The doctor’s expression was invisible behind his glass. He brought the ethereum-soaked handkerchief down on the baron’s face, and then he turned to the veiled figure in the chair.
“If you will, sir,” the doctor said to the man in the tall hat.
The man whipped the black veil off the figure in the wheelchair and revealed a boy, a boy with blond hair so dirty it looked almost brown, with his hands bound in his lap and a rag tied around his face to prevent him from screaming. The boy wriggled against his constraints, whipping his body back and forth to try to free himself. Even from her distance, Hazel could make out the raw panic in his face, which was turning beet red.
“Now, now,” the doctor cooed, and he rewet his handkerchief with the ethereum before pressing it into the hostage’s face. The boy struggled against his captors, and then went limp.
“There we are,” the doctor said. “Let’s get him onto the table. If you will, sir?”
The man in the tall hat helped the doctor lift the boy out of the chair and toward the long table in the center of the stage, directly beside where Baron Walford was lying peacefully as if he were merely asleep. The boy’s body dragged lifeless as a rag doll’s.
“A nightmare to find the right eye color,” the man in the tall hat said, his voice rough as gravel. “Got me a dozen lads before I landed one with the right shade. ‘Mahogany,’ innit? Tell me them peepers ain’t mahogany.”
“Yes, yes,” the doctor said. “I can imagine the trouble. But for what this fine gentleman on the table is paying, I think it serves us to give him exactly what he wants.”
The man in the tall hat cleared his throat. “How much is he paying then? This sort of thing?”

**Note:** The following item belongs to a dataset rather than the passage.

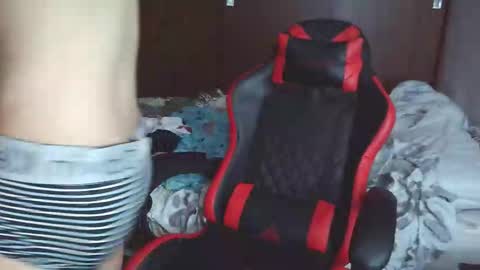 Snapshot of ares_aestheticgod chatting on October 2025 08:20:02 PM Ares D online show from October 2025 08:20:02 PM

“Now, now, Jones, you know I find it uncouth to talk about money. But I assure you, enough that he should be able to request his new eye will match his old.” The doctor adjusted the lens of his magnifier and selected a scalpel from the table. “The procedure itself is fairly simple, especially because the client didn’t have an eye to begin with. The socket has already been primed. Now all we need—”
He lowered the scalpel with a repulsive squelch onto the face of the boy, who was unconscious but still bound at the wrists. The boy didn’t stir as the doctor’s knife dug below his brow bone and carved a thick gash down his nose. “Out we pop,” the doctor said, and took the boy’s left eye out from its socket. “Jones, please fetch mungroot powder, silver dust, and the poultice I keep in the black jar from the cabinet, if you will.”